Records from a data collection:
━━━━━━
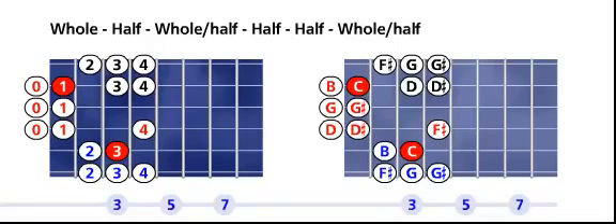From the C root or tonic on the second string, first fret, you walk down the scale and you will see another root or tonic on the fifth string, third fret. You have your main octave in red — a seven-tone scale. The black notes belong to the octave above or higher. The blue notes belong to the lower octave.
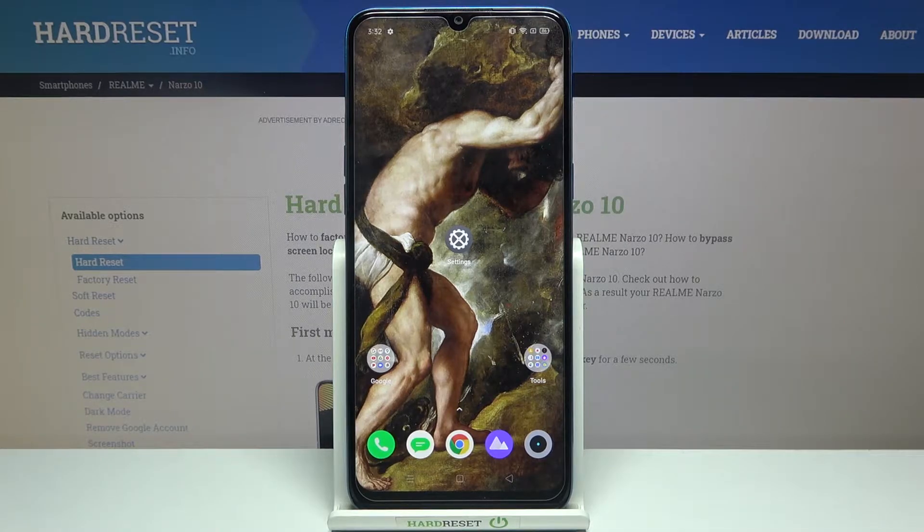Here I have the Realme Narzo 10, and today I'm going to show you how to lock or unlock apps with fingerprint on this device.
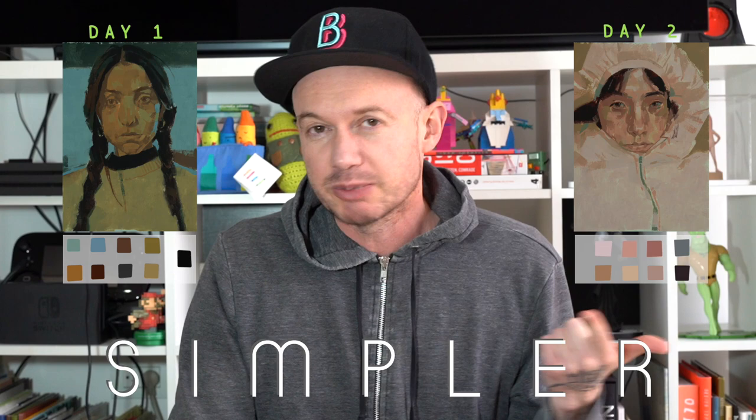Hey everyone, welcome to Week 37, Day 3 - Wednesday. This is our ongoing simpler week. We painted with nine pre-mixed colors on Monday, eight pre-mixed colors on Tuesday, and for today we're going to paint with seven, so we'll see how we do.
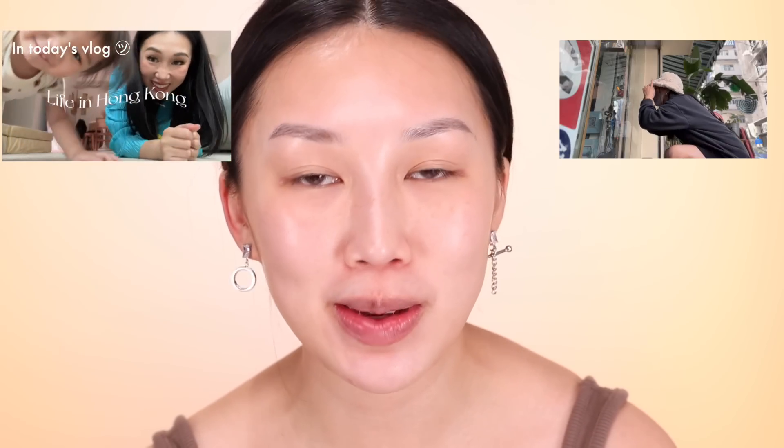Hey guys, welcome to my channel. My name is Karen. If you clicked into this video and it's your first time meeting me, I make a lot of skincare, sometimes makeup, and vlog content regarding my family life. I'm a mom — I have a baby daughter, actually she's like now a toddler. If you love makeup or skincare like me, join the family. Turn on the notification bell and subscribe to my YouTube channel.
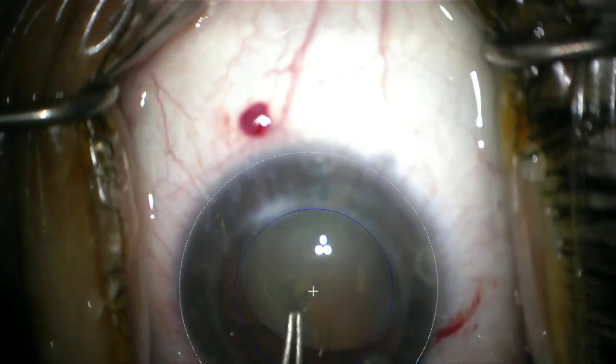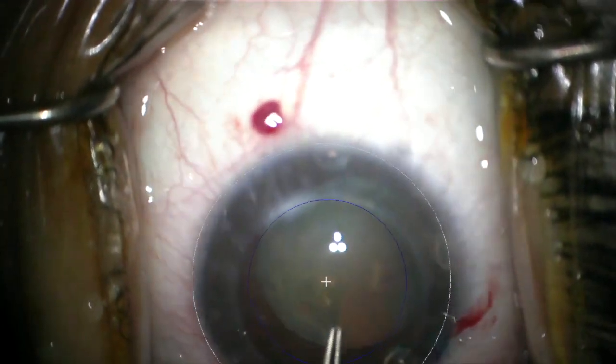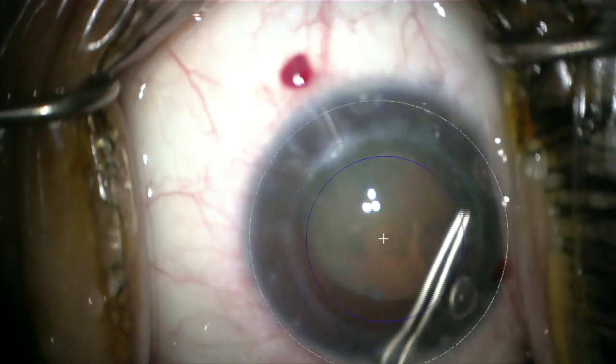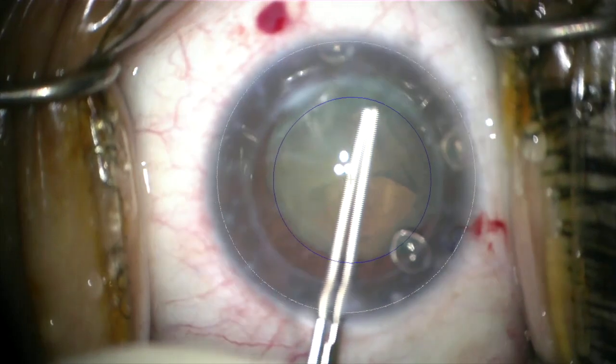You can see here that the optics of the graft-host junction can sometimes make the construction of your rhexis somewhat deceiving. And so I find that following along with the projection can aid in this.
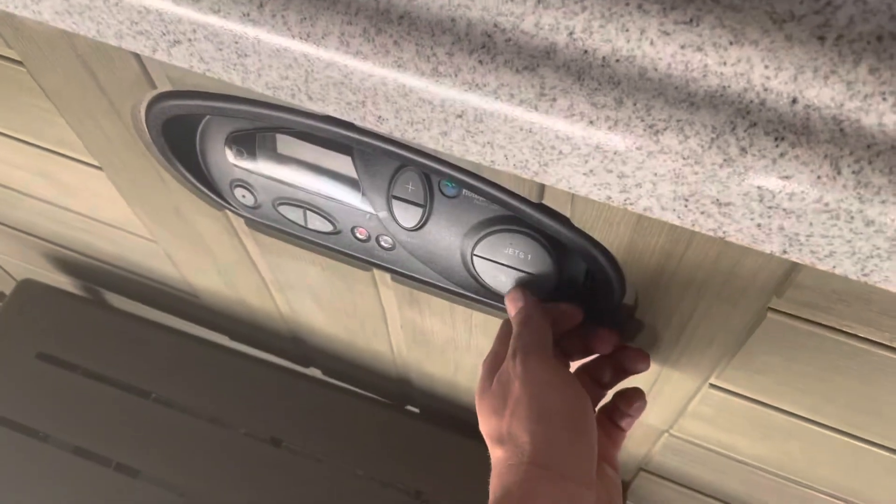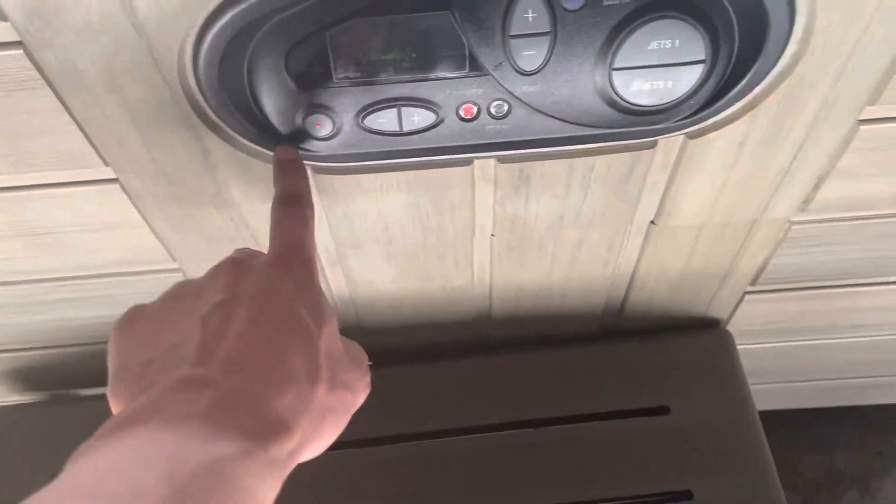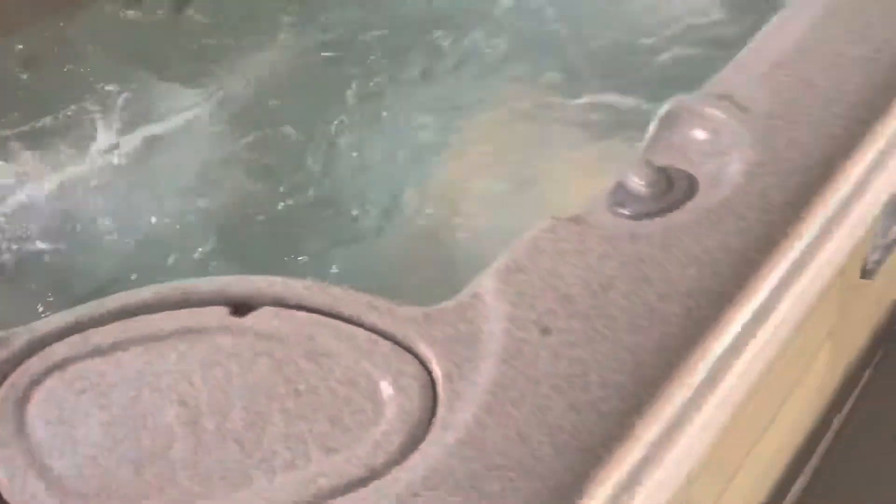You can turn the jets off right here as well. Hot Springs also has a self-clean feature — press that and it'll time itself off automatically after about 15 minutes. It pulls all your water in here into your filters, helping clean your system so any dirt and debris gets into the filters and you just rinse them off.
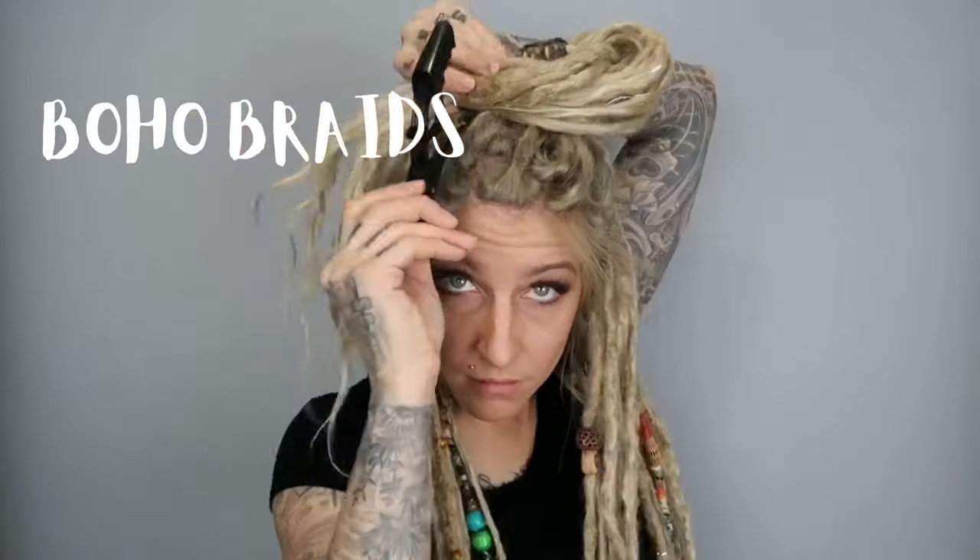Next up: two boho braids. First, take some hair out on the top to deal with after, then do two braids on either side. Take the hair from the top and start working it into the braids really loosely, leaving out some pieces so you get that nice boho vibe. Do the same thing on the other side.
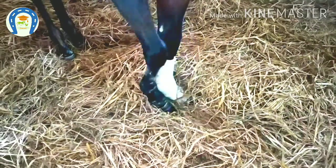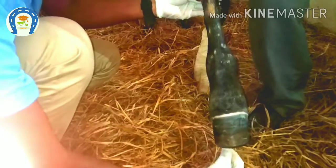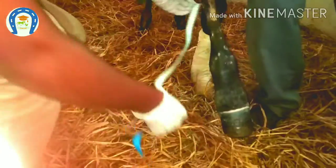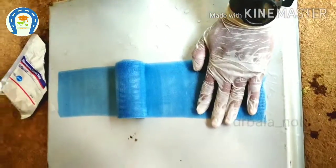Now we will apply a splint to immobilize a joint in a foal. I want to immobilize the pastern joint in this foal. I am measuring the length to prepare the splint. We have measured the length and now I am cutting.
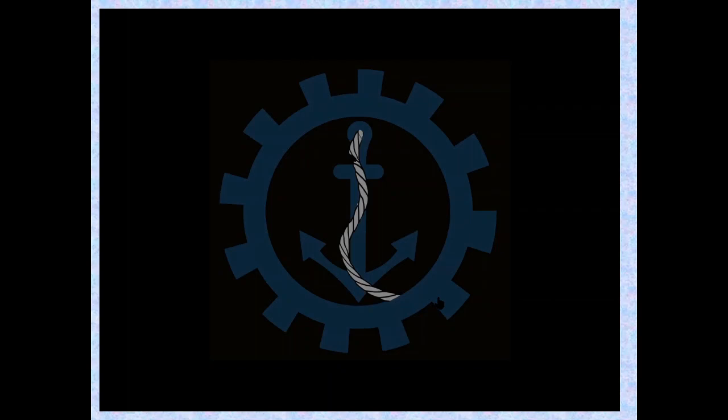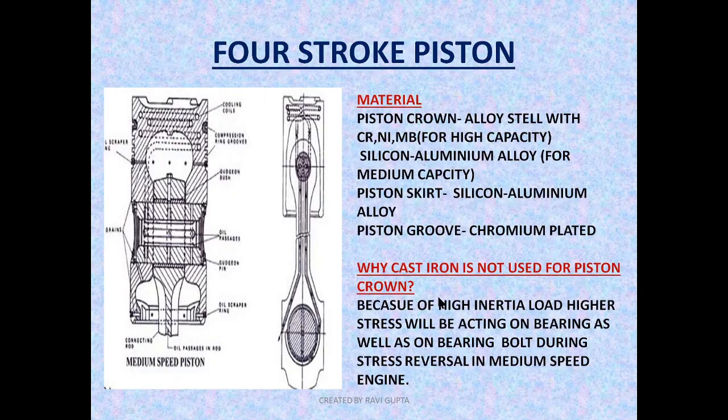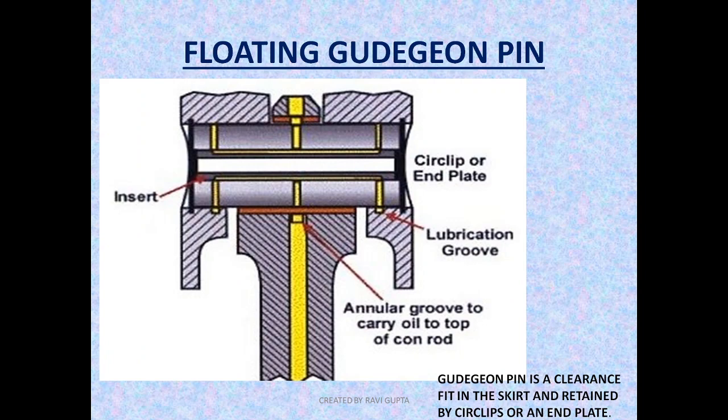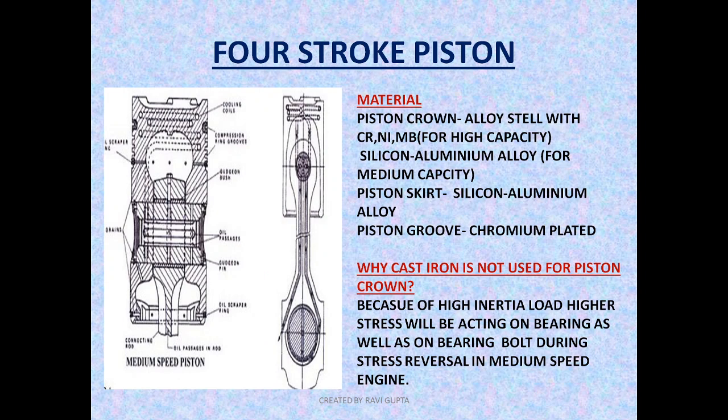Hello friends, welcome to Marine Engineering Hub. Today I am going to talk about four-stroke pistons. I will cover what materials are used and why, the thermal expansion of the piston, the piston cooling arrangement, and the engine pain.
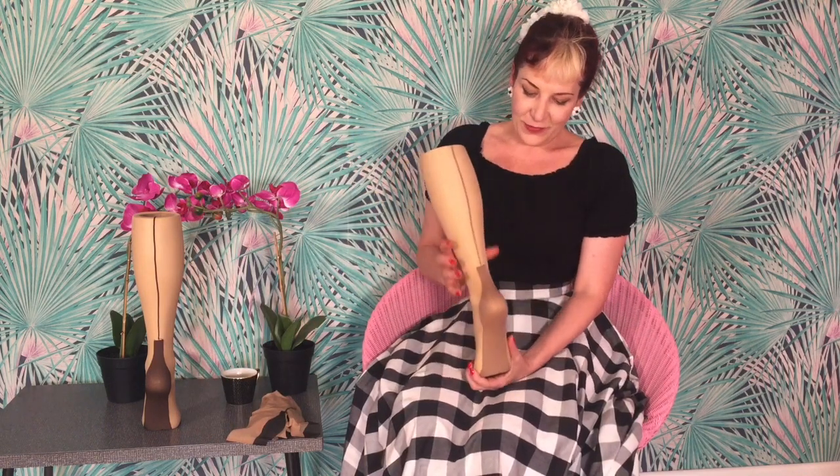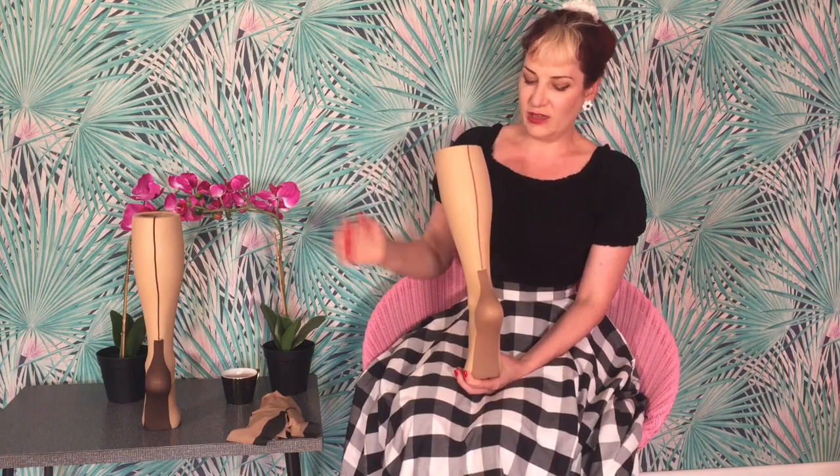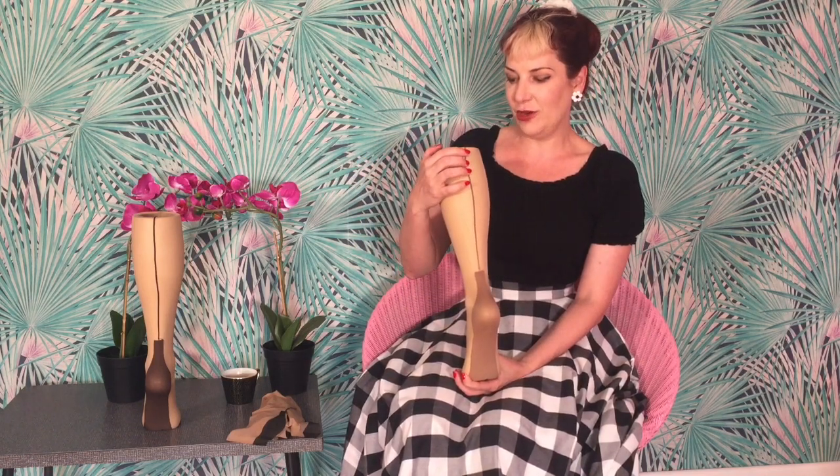Hi, I'm Katie from What Katie Did and today I'm going to be talking about our new Glamour Seamed Cuban Heeled Stockings. When it comes to reproduction seam stockings, i.e. those which aren't made on vintage machinery and which aren't fully fashioned, we're looking at these which are made on modern circular knit machines and the seam is added for decoration afterwards.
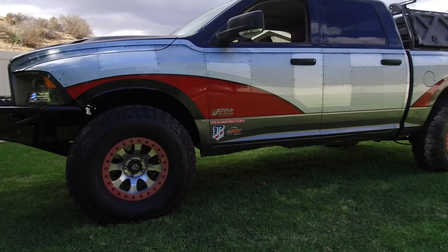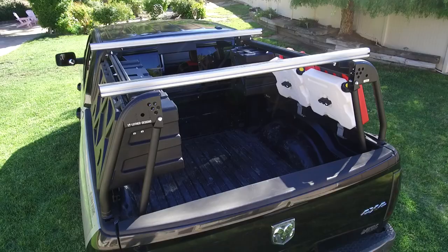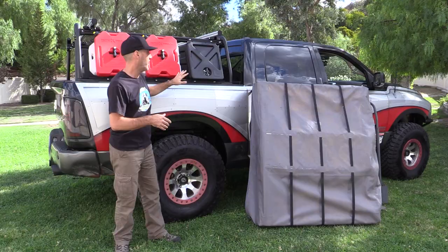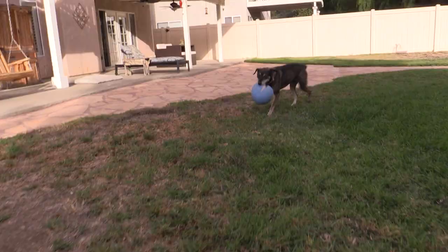First, a truck — in this case a 2009 Dodge Ram 1500. We're gonna be using an ARB touring rooftop tent. In the last video I did a full install and product overview of the Leitner Designs active cargo system that you see on the bed of the truck right now. This thing is remarkable — it drives down the highway great, doesn't make any noise, and it's so modular in nature that you can move everything around.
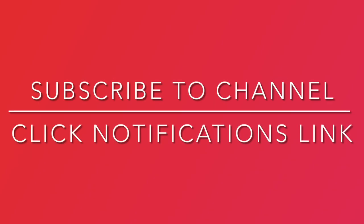If you think we did a good job with this recipe, like and share the video. Also, subscribe to our channel and click the notifications link.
━━━━━━
Every line from the top of the records above to the line with "You can turn", inclusive, should be duplicated exactly, minus the pictures.

### ANSWER AREA
From the C root or tonic on the second string, first fret, you walk down the scale and you will see another root or tonic on the fifth string, third fret. You have your main octave in red — a seven-tone scale. The black notes belong to the octave above or higher. The blue notes belong to the lower octave.
Here I have the Realme Narzo 10, and today I'm going to show you how to lock or unlock apps with fingerprint on this device.
Hey everyone, welcome to Week 37, Day 3 - Wednesday. This is our ongoing simpler week. We painted with nine pre-mixed colors on Monday, eight pre-mixed colors on Tuesday, and for today we're going to paint with seven, so we'll see how we do.
Hey guys, welcome to my channel. My name is Karen. If you clicked into this video and it's your first time meeting me, I make a lot of skincare, sometimes makeup, and vlog content regarding my family life. I'm a mom — I have a baby daughter, actually she's like now a toddler. If you love makeup or skincare like me, join the family. Turn on the notification bell and subscribe to my YouTube channel.
You can see here that the optics of the graft-host junction can sometimes make the construction of your rhexis somewhat deceiving. And so I find that following along with the projection can aid in this.
You can turn the jets off right here as well. Hot Springs also has a self-clean feature — press that and it'll time itself off automatically after about 15 minutes. It pulls all your water in here into your filters, helping clean your system so any dirt and debris gets into the filters and you just rinse them off.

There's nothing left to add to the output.